Nemmeno dopo quella lancia caduta sulla lizza di giugno? L'unica volta che l'hai persa in carriera...

No, perché ho corso vent'anni, ho fatto quaranta giostre e una lancia sfuggita di mano non cambia niente. In quel momento avevamo perso, potevo solo rischiare il tutto per tutto. Poi il destino è destino, non si cambia.

Ci fosse stato Faliero Papini, cosa ti avrebbe detto?

Mi avrebbe chiamato nel suo ufficio e mi avrebbe chiesto di non fare il matto. Il nuovo consiglio del quartiere, comunque, mi ha chiesto di proseguire, ma io non ho più le motivazioni per farlo.

A Saverio Montini lasci un costume pesante adesso.

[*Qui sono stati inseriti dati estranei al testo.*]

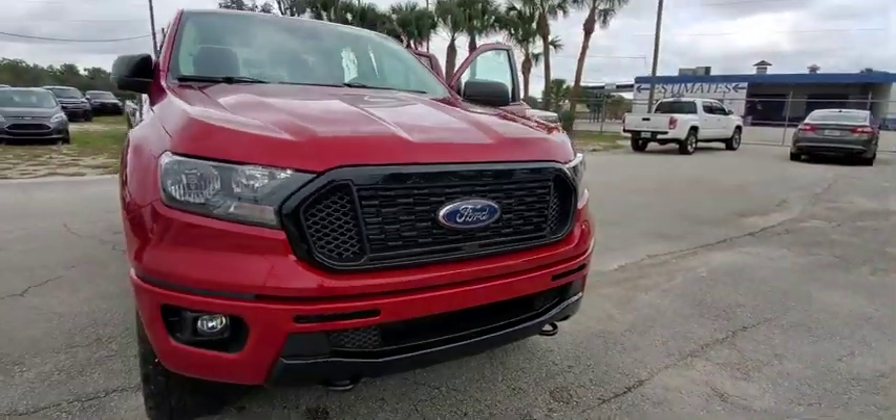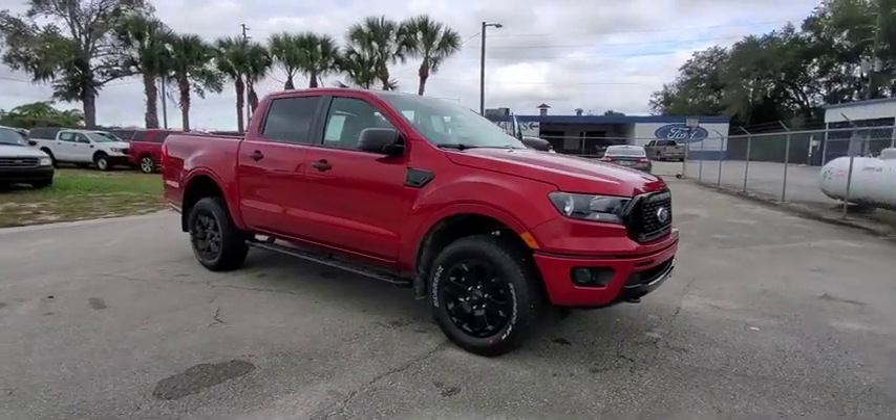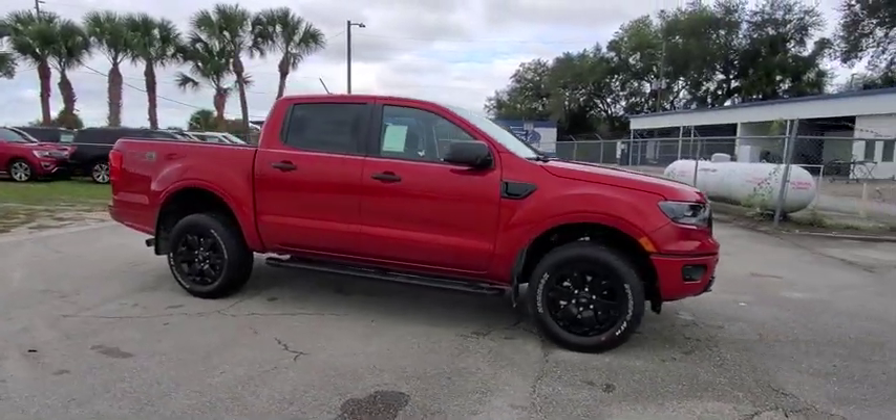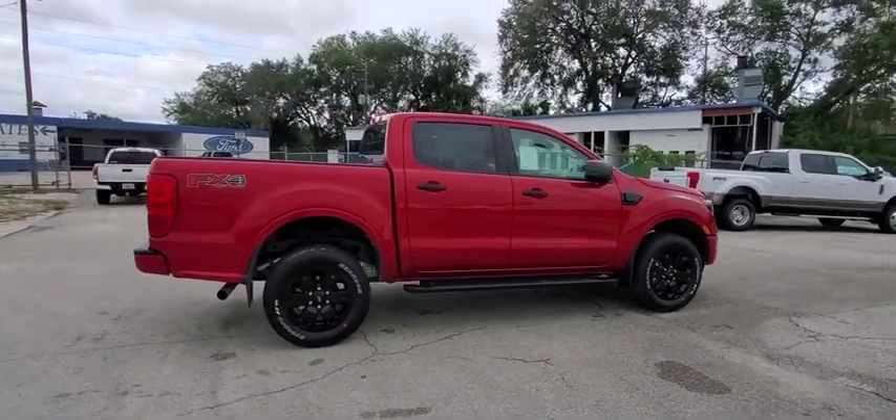You are going to love the 2020 Ford Ranger. Tough inside and out, Ranger proves it's metal. This vehicle has less than 100 miles. Here are some of this vehicle's great options.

E' la Giostra, ci vorrà tempo ma si può fare. Saverio l'ho visto nascere, in lui rivedo il primo Vedovini che veniva dal salto a ostacoli. Negli ultimi anni Sant'Andrea è sempre sceso in piazza con la possibilità concreta di vincere. Adesso bisognerà avere un po' di pazienza in più, ma i risultati arriveranno. La storia biancoverde dice questo.

A proposito di storia. Senza di te ne comincia un'altra per tutta la Giostra. Come nel calcio quando un campione appende le scarpe al chiodo.

Sai cosa mi viene in mente? La sera dell'addio al calcio di Van Basten. Era l'estate del 1995, presi il Suzuki Vitara con mio babbo e andammo a San Siro. Una delle emozioni più forti della mia vita.